In a perfect world, we’d all be covered by health insurance plans that cost little or nothing, provide excellent coverage with low or no co-pays and are guaranteed for life. In California, that world isn’t a fantasy. It’s the normal life of retirees who worked under the CalPERS pension and benefits system that protects most state workers. It’s a great system that – to some – represents the ideal way to meet the healthcare needs of an aging population.
Except for one problem: the cost.
CalPERS invests the money that workers put into the pension plan in the hope of covering today’s costs as well as future costs of retiree pensions and health insurance. In boom times, the investments have paid off. But CalPERS is currently in the hole. And when CalPERS is bleeding red, the state treasury is mandated to contribute whatever is required to pay for the guaranteed health benefits of retirees.
In 2008, the CalPERS investment trust took a $56 billion dollar loss. And just a few days ago, the Associated Press reported that the state is currently on the hook for $52 billion to pay for this year’s retiree benefits. There’s plenty of blame to go around. Some commentators put the onus on the legislature for over-sweetening the benefits package for state workers back in 1999. But according to Elizabeth Kellar, President and CEO, Center for State and Local Government Excellence, it takes the kind of retirement package offered by California to attract quality workers. While there are stories about highly paid state workers and exorbitant overtime hours, the truth is that most state workers are modestly paid in comparison with their corporate counterparts. The benefits and retirement packages are intended to close the gap.
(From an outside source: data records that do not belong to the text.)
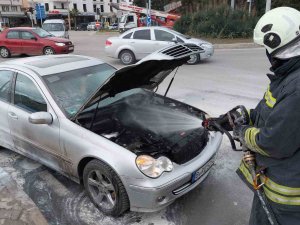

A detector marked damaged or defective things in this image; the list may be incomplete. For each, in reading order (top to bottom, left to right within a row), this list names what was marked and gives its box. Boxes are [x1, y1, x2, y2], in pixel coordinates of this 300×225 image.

charred engine [75, 89, 209, 164]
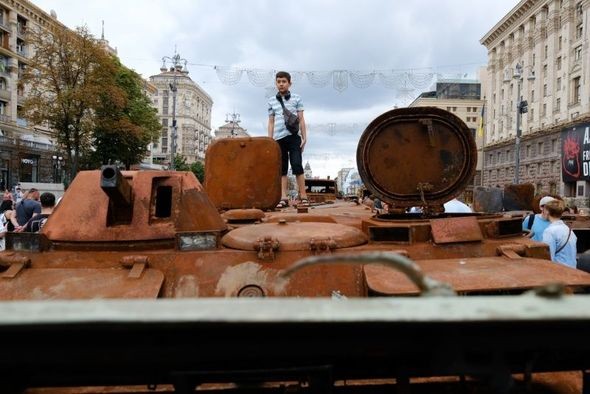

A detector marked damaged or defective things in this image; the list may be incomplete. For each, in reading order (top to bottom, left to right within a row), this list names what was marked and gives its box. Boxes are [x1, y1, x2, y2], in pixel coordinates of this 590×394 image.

rusted metal surface [207, 137, 284, 211]
rusted metal surface [356, 104, 476, 209]
rusty tank [1, 107, 590, 394]
rusted metal surface [366, 258, 590, 294]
Kellar also points out that California’s state workers are bucking the national trend to put off retirement later and later. State workers in California are electing to take retirement earlier, thus putting even more pressure on underfunded pension funds.
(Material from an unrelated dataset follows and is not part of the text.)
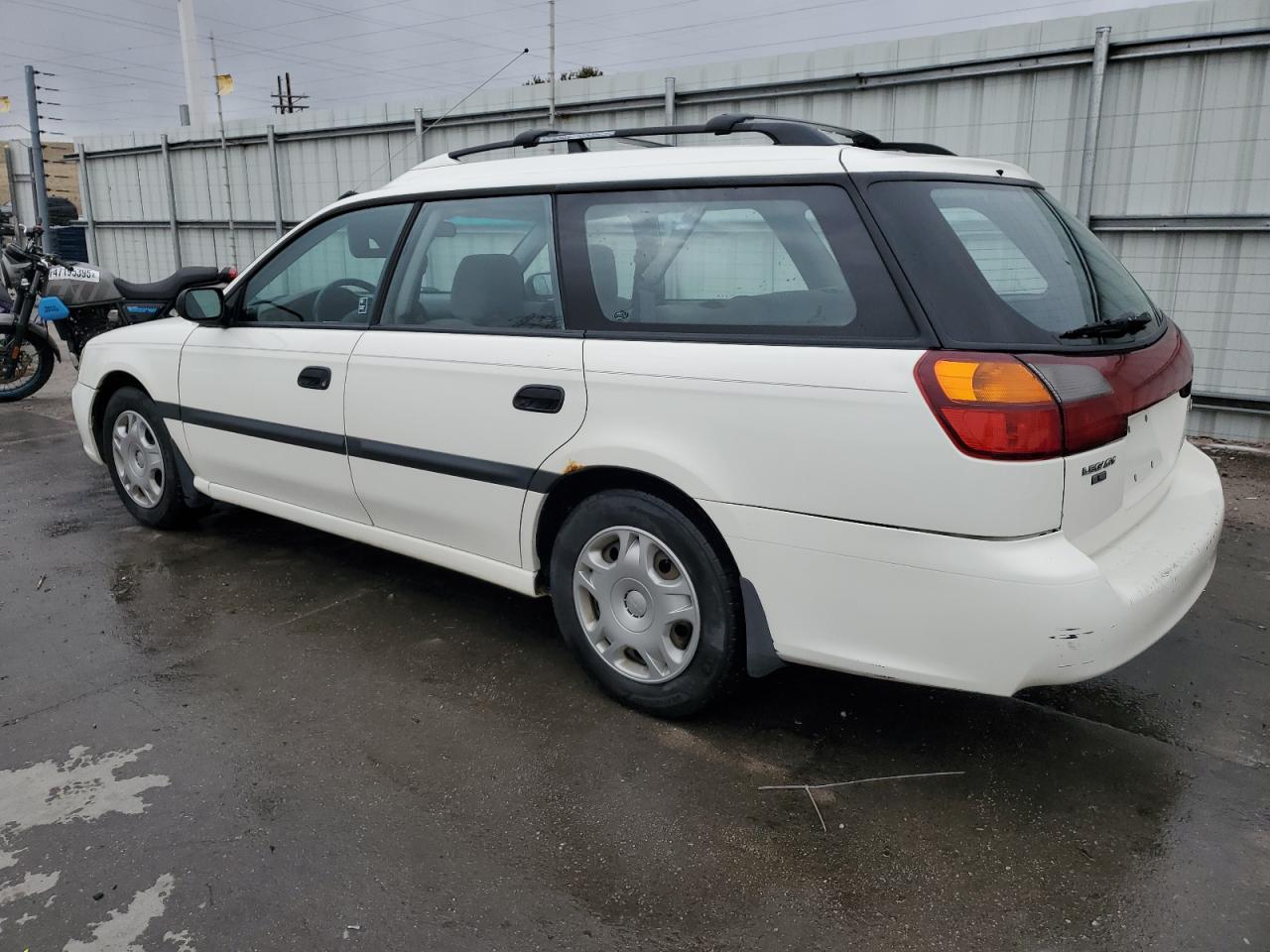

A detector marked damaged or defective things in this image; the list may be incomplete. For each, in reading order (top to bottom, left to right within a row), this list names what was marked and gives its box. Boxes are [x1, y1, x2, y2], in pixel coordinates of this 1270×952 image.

minor rear bumper damage [710, 442, 1222, 694]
A debate is raging over the need to pre-fund pension costs out of current state revenues, versus the more common practice of having the contributions of active workers to the CalPERS pension fund help pay for retirees’ benefits. Marcia Fritz, President, California Foundation for Fiscal Responsibility, calls the latter approach “unconscionable” and suggests that both union workers and management would be well-served by insisting that every dollar promised be pre-funded. Of course, she also acknowledges that this approach would force a reduction in pensions and retiree health care benefits. Fritz believes in curbing the excesses of California’s pension program, and recently began publishing a list of nearly 5,000 pensioners who receive six-figure payouts from CalPERS annually.
State of California retirees see the situation differently. They look at friends who are struggling to pay for health insurance and medical bills and feel fortunate to have stuck with their state job long enough to become vested in the pension plan. One retired state worker told me that he has faith in CalPERS and believes the agency is funded adequately to survive the current dip in the market. And he views the state’s obligations to retirees on a par with the federal government’s obligations under Social Security. “It’s guaranteed”, he said. Beyond that, he doesn’t plan to spend a lot of time thinking about the process or its problems. He’s enjoying the kind of security in his retirement that all of us hope for.
Kellar praises state governments with strong pension plans such as CalPERS, and notes that “the best managed state and local governments have, in fact, been model employers. They have been leaders in finding ways to save health care costs through rigorously structured wellness programs, disease management and care coordination.”
But pension costs are threatening to overtake all other state budget items in the near future unless they are brought under control, or funded more rationally. So, while we may have created a model retirement plan, we have yet to determine how to pay for it.